Watch Power on PBS. See more from ART:21.

(Credits: I found the video of the “Black Ceremony” display on Presurfer, and then started hunting around for more info about Cai Guo-Qiang from there.)

ITEM TWO

The next item is about sprites and elves. I’m not talking about Dungeons and Dragons or Middle Earth. I’m talking about things that happen 50-90 km above the Earth’s surface, the kind of thing that, once upon a time, would have gotten airline pilots fired if they started talking about what they’d seen.

“Sprites” and “elves” are the names for unusual kinds of lightening discharges that occur high in the atmosphere. They happen extremely quickly, they’re very bright, and they look sort of like fireworks (which is why I thought this would make a nice pairing with Item One). In the language of scientists who study them, “sprites” are the parts of the discharge that resemble jellyfish and travel downwards after starting out as a ball shape. “Elves” are the halos that create eerie visual effects.

The following video was filmed by a research team funded by the Japanese Broadcasting Corporation. They equipped two jets flying over parts of the southwestern U.S. this past summer with cameras, and they presented the results about two weeks ago at the American Geophysical Union Conference. There’s more info about this to be found HERE. The following clip from the film shot by the Japanese researchers is very short.  The one that comes after it is longer. Nature is fucken weird.

(Credit goes to Phro for tipping me to these videos.)

ITEM THREE

This isn’t artwork. This is more Nature, run amok. This is the x-ray of a two-headed albino Honduran milk snake that was born on Halloween this year (of course) in Central Florida.

It had its first real meal during Thanksgiving week. Unfortunately, that blessed event was captured on film. Yeah, this is metal, but watching this video made me a little sick in my stomach. So, of course I’m sharing it with you.

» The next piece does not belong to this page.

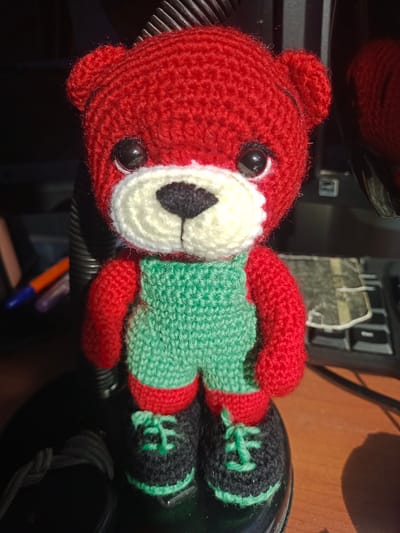 A red crocheted teddy bear wearing green overalls and black shoes with green laces stands on a dark, shiny surface. The bear has black button eyes, a white muzzle with a black nose and mouth. The background is blurred, showing parts of a keyboard, a ribbed black object, and some writing instruments. The lighting suggests the photo was taken indoors with a strong light source, creating shadows. The overall scene appears to be a desk or workspace.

The voiceover at the end kinda creeped me out. People who love snakes are weird. Except if you love snakes, in which case I wasn’t talking about you, because you’re reading what I write, which makes you a certifiable genius.

I wonder if this is what it’s like when Dino Cazares tucks into a big feed.

(Credit to TYWKIWDBI for this one.)

ITEM FOUR

By the way, do you know what that last item was?  That was the penultimate item in this post.

For the final one, I have some artwork by an artist named Travis Louie. These are some of many paintings he did in a series featuring people and their unusual pets. You can find out more about what gave him the idea, plus see more of his demented creations, at this location. I do think this shit is metal, though I’ll be damned if I can explain why. Also, the penultimate painting below is called “Emily and Her Troll Head”. Just thought I’d mention that.

(Thanks to TYWKIWDBI for this one, too.)

11 Responses to ““THAT’S METAL!” – BUT IT’S NOT MUSIC (No. 48)”

  1. As someone who has kept various reptiles (including snakes) over the last 15 years or so, I can attest that “snake folk” are nuttier than shithouse raccoons.

    Also, that chick who likes Trollhead? Can you get me her number?

    • Islander says:

      You may want to read Mr. Louie’s back-story about the chick with the TrollHead first, TrollFiend:

      “Trolls generally had little to do with humans. Every so often they become unruly and had to be “controlled”.
      There was a time when the common practice was to behead them. The heads of older trolls possessed magical properties. Despite being separated from their bodies, the heads remained alive and some even grew their bodies back over time. In the 1890’s it became fashionable to keep them as pets.”

  2. Ben says:

    TOP HAT SPIDER. FUCK.

    That’s metal as Satan raping a goat while sauteing babies.

  3. Raven Stead says:

    Loved the art of Guo-Quiang , there is beauty to be found in the aesthetic of pain and chaos of destruction. The endless wonder of nature never fails to enchant me, either. This post sent me on some wonderful sidetracks. Takk for alt.

  4. Andy Synn says:

    Wow, those are some really well trained tigers.